On worker nodes, also run the above commmand but modify `machine_rank` accordingly.

### Train with LoRA

For efficient fine-tuning with reduced computational costs, we support **LoRA (Low-Rank Adaptation)** via PEFT (Parameter-Efficient Fine-Tuning). LoRA allows you to adapt base models with minimal parameter updates, making it ideal for resource-constrained environments.

#### LoRA Configuration

Add the following parameters to `configs/config.json` to enable LoRA training:

```json
{
"use_lora": true,
"lora_r": 16,
"lora_alpha": 32,
"lora_dropout": 0.05,
"lora_target_modules": ["q_proj", "v_proj", "k_proj", "o_proj", "gate_proj", "up_proj", "down_proj"]
}
```

#### LoRA Parameters Explanation

- `use_lora` (bool): Enable LoRA fine-tuning.

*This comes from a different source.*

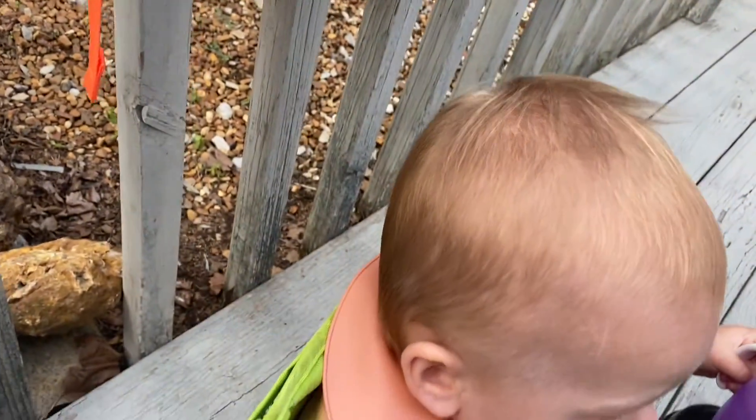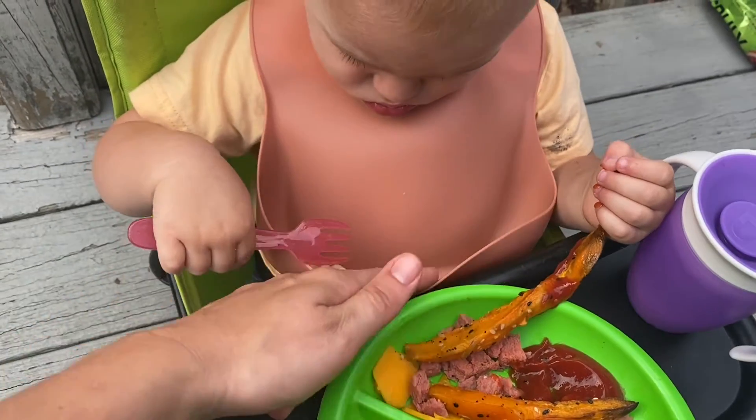Nice clasp on the back here. Nice bib — catch the food.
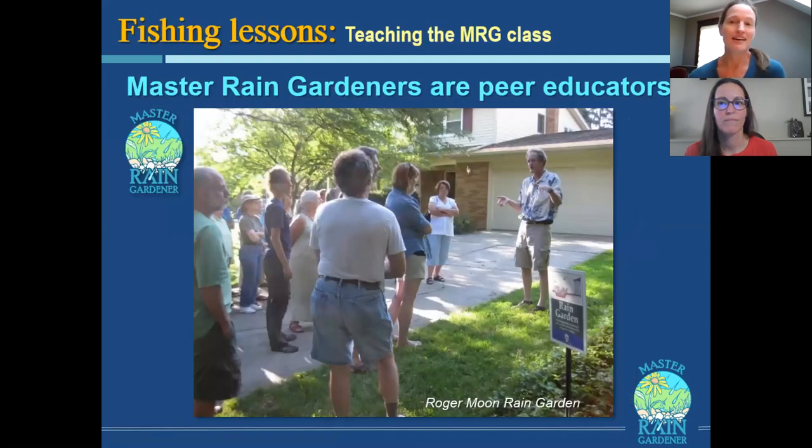Even online classes need a field trip to an actual real rain garden, because that's how people can really visualize how it works — you just see their light bulbs turning on. Be a decent person: keep in touch with them, celebrate their success, and support their continued growth as leaders and ambassadors. Once you give people the authorization and power to do it, they want to tell their neighbors about rain gardens — and that means they're out in their social circles, which you may not be part of, spreading the message. Here's Roger Moon giving a tour to a garden club — that's the kind of thing that can happen.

Default: `false`
- `lora_r` (int): LoRA rank (lower values = more efficient, typically 8-32). Default: `16`
- `lora_alpha` (int): LoRA scaling factor. Typically set to 2× `lora_r`. Default: `32`
- `lora_dropout` (float): Dropout probability for LoRA layers. Default: `0.05`
- `lora_target_modules` (list): Transformer modules to apply LoRA to. Default targets query, key, value, output projections and feed-forward gates.

#### LoRA Training Example

```bash
# Start LoRA training with the same command
accelerate launch --config_file configs/accelerate_config.yaml run.py --config configs/config.json
```

#### LoRA Training Benefits

- **Parameter Efficiency**: Only ~1-5% of original model parameters are trainable
- **Reduced Memory**: Significantly lower GPU memory requirements
- **Faster Training**: Quicker convergence due to fewer parameters
- **Portable Adapters**: Save only LoRA weights (~10-100MB) instead of full models
- **Composability**: Combine multiple LoRA adapters for different tasks

#### Loading LoRA Fine-tuned Models

```python
from peft import AutoPeftModelForCausalLM
from transformers import AutoTokenizer

# Load the base model and LoRA adapters
model = AutoPeftModelForCausalLM.from_pretrained("path/to/lora/checkpoint")
tokenizer = AutoTokenizer.from_pretrained("path/to/lora/checkpoint")

# For inference, convert to single model file (optional)
model = model.merge_and_unload()
```

### Citation

If you use the F2LLM models, data, or code, please cite the following technical report.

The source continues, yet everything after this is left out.